La moda in Marras diventa la summa di tutte le discipline artistiche che lo stilista frequenta: dal teatro alle ceramiche c’è un unico filo, che unisce e stratifica. Come Maria Lai, Marras vede e sente un’anima negli oggetti – e negli abiti – che mai potrebbero diventare mero consumo da gettare via. A sfilata finita, abbiamo provato a riannodarli i fili di questo bellissima collezione.

Marras, lei ha atteso sette anni dalla scomparsa di Maria Lai prima di tornare a lavorare, in qualche modo, con lei e con i vostri infiniti fili. Perché?

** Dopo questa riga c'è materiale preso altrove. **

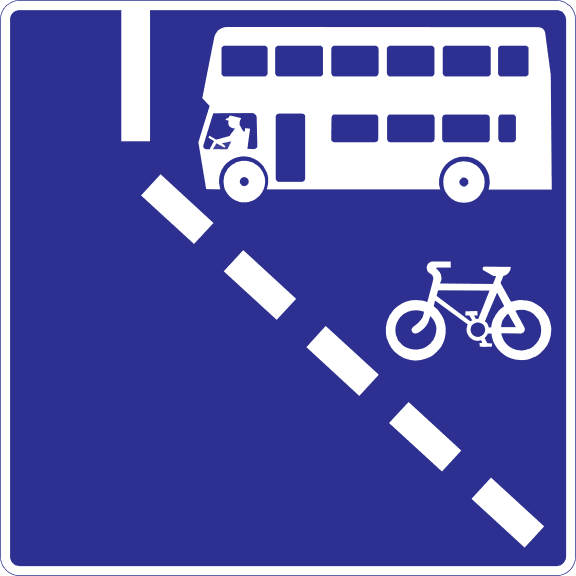 Bus and cycle lane ahead on right.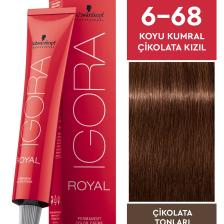Royal 6-68 Koyu Kumral Çikolata Kızıl Saç Boyası 60 ml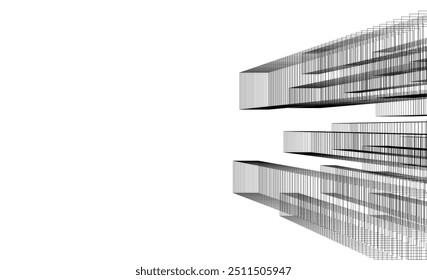 Abstract architectural drawing vector illustration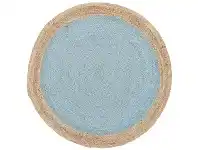 Atrium Polo Round Jute Rug, 120cm, Blue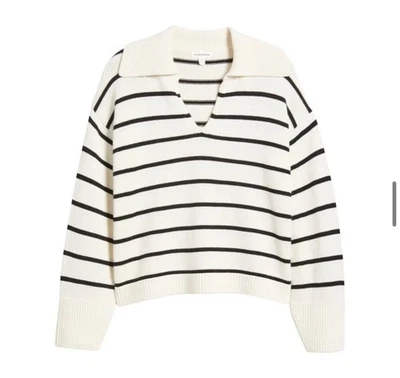 Suéter Aerie XXL de gran tamaño de cachemir cuadrado blanco roto negro y rayas con cuello Foto 1 de 4
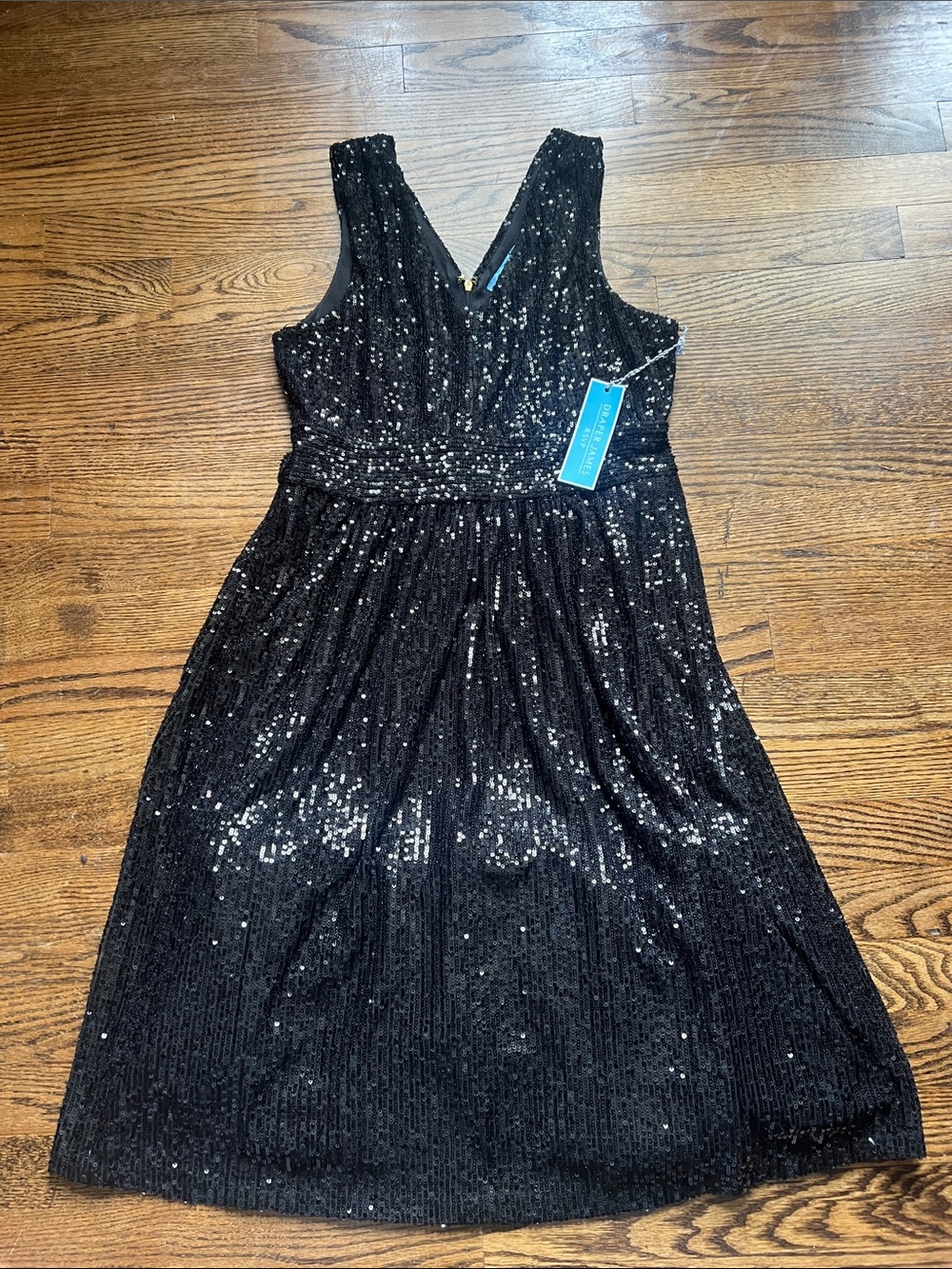 Draper James Black Sequin Midi Dress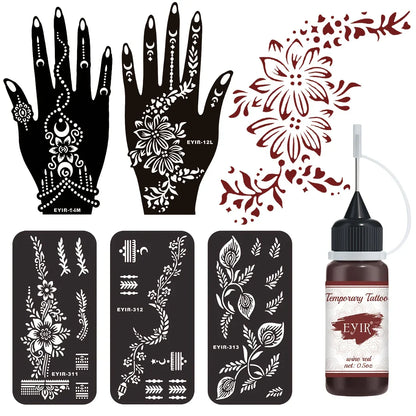 Henna Tattoo Kit - 5-Piece Mandala Stencil Set with Wine Red Temporary Tattoo Paste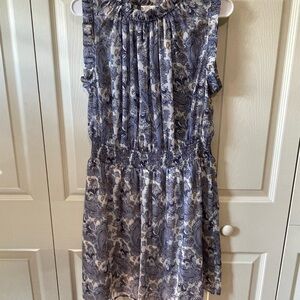 Paisley Print Sleeveless Midi Dress - Blue and White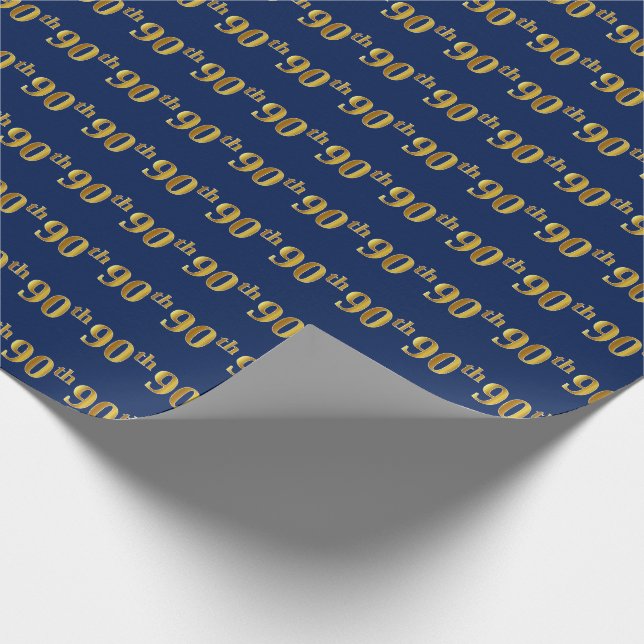 Papel De Regalo Blue, Faux Gold 90th (Ninetieth) Event (Esquina)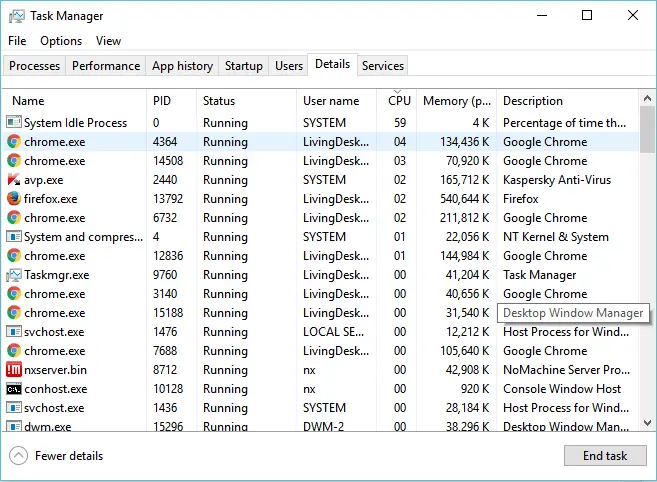 Task Manager - Details tab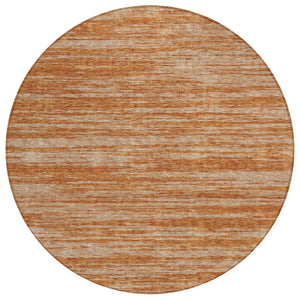 HomeRoots 5' Copper and Rust Abstract Area Rug – Stylish, Washable Design for Indoor and Outdoor Spaces 8' Round 613087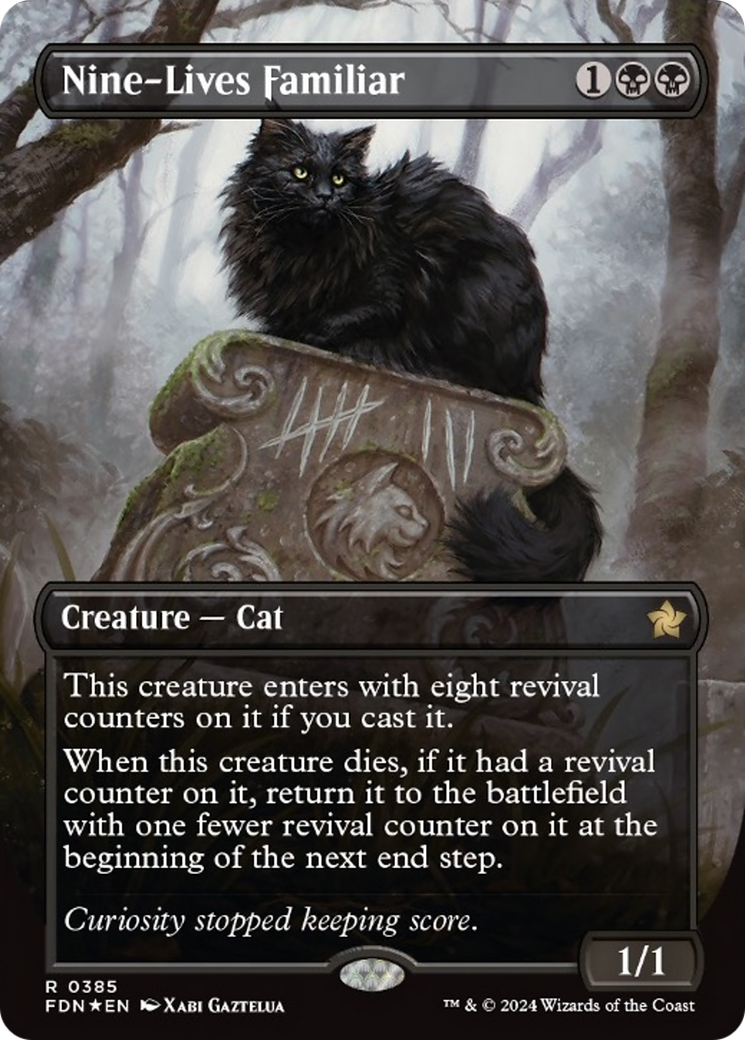 Nine-Lives Familiar (Borderless Mana Foil) [Foundations] | Boutique FDB TCG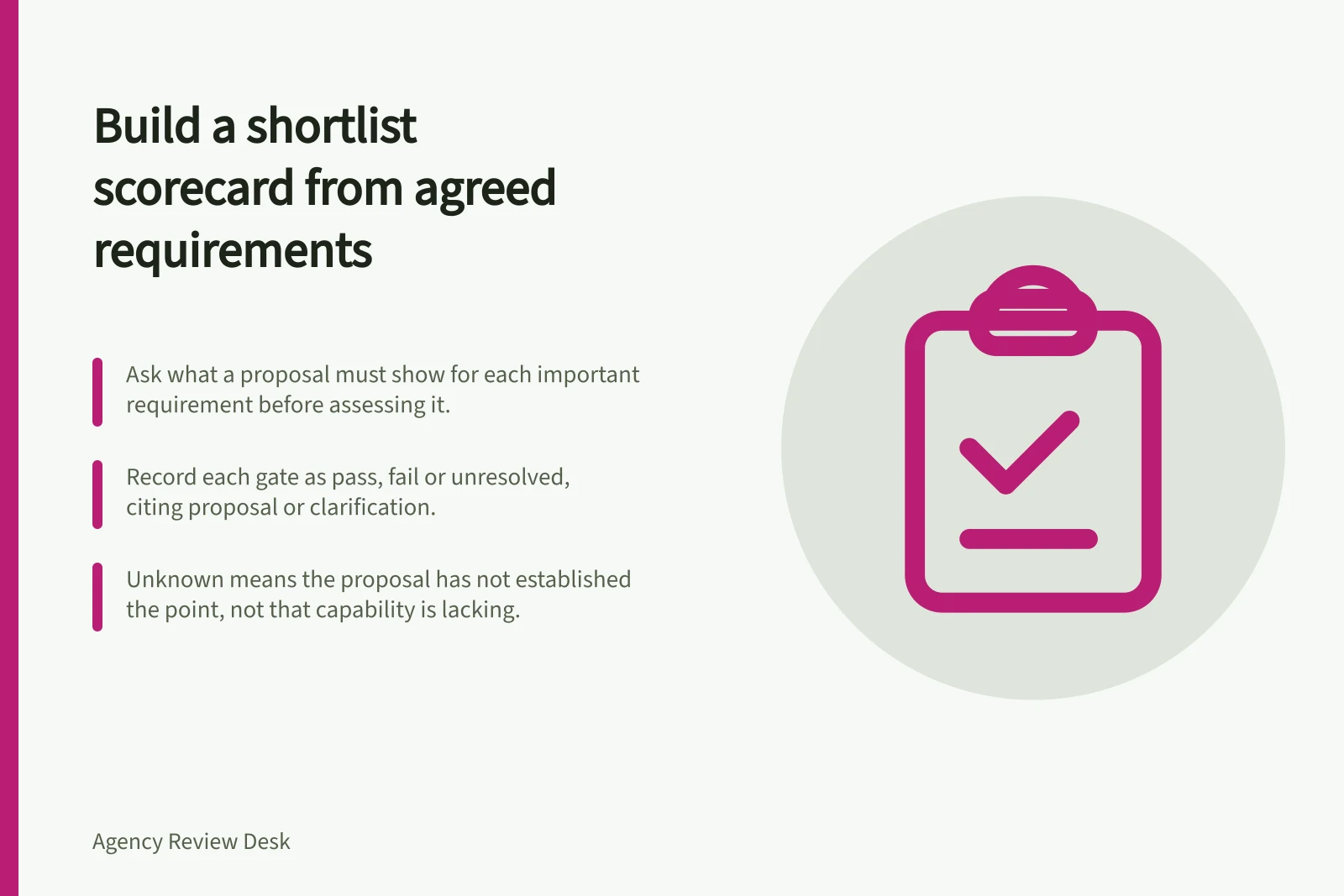 Build a shortlist scorecard from agreed requirements: Ask what a proposal must show for each important requirement before assessing it.; Record each gate as pass, fail or unresolved, citing proposal or clarification.; Unknown means the proposal has not established the point, not that capability is lacking.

«Sette: un numero bello, dispari, che torna, come quella canzone, “Sette fili di canapa”. Ho iniziato realizzando un progetto che tanti mi chiedevano, con la mostra di Matera».

Quali sono i fili che ama e che la legano a Maria Lai?

«Quelli delle cuciture, dei punti di sutura, dei punti di ricamo. Dei punti che possono unire e separare. Punti di partenza e di arrivo».

Dal 2019 ad oggi lei ha lavorato quindi incessantemente con tutto quanto la lega a Maria Lai?

«Sì, è stato un anno molto intenso con un dialogo tra le opere di Maria e mie dove abbiamo portato al pubblico lavori di Maria mai esposti prima».

Quindi neanche la sua scomparsa ha potuto tagliare il filo che vi ha unito?

«No, anzi. Secondo me si è rafforzato»

Perché ha aspettato tanto?

«Era tutto troppo forte, ed era troppo presto. Poi mi ha un po’ irritato il fatto che, appena è morta, tutti si sono dichiarati amici di Maria, assistenti di Maria. Lei ha scelto una vita molto precisa, molto intima, riservata, appartata e questo va rispettato. Da un lato sono anche felice di questa riscoperta da parte di chi durante la sua esistenza non l’aveva mai considerata. La nipote, Maria Sofia, è stata bravissima a gestire il patrimonio artistico di Maria».

Maria Lai una volta le disse: «Ti ho lasciato un bambino e ti ritrovo un artista». Come ha elaborato dentro di sé questa cosa?

«Mi ha segnato, è stato un motivo di orgoglio e punto di partenza e di arrivo. Punto dal quale muoversi. E’ il sognare di arrivare in un luogo e di terminare un viaggio che in realtà non voglio concludere».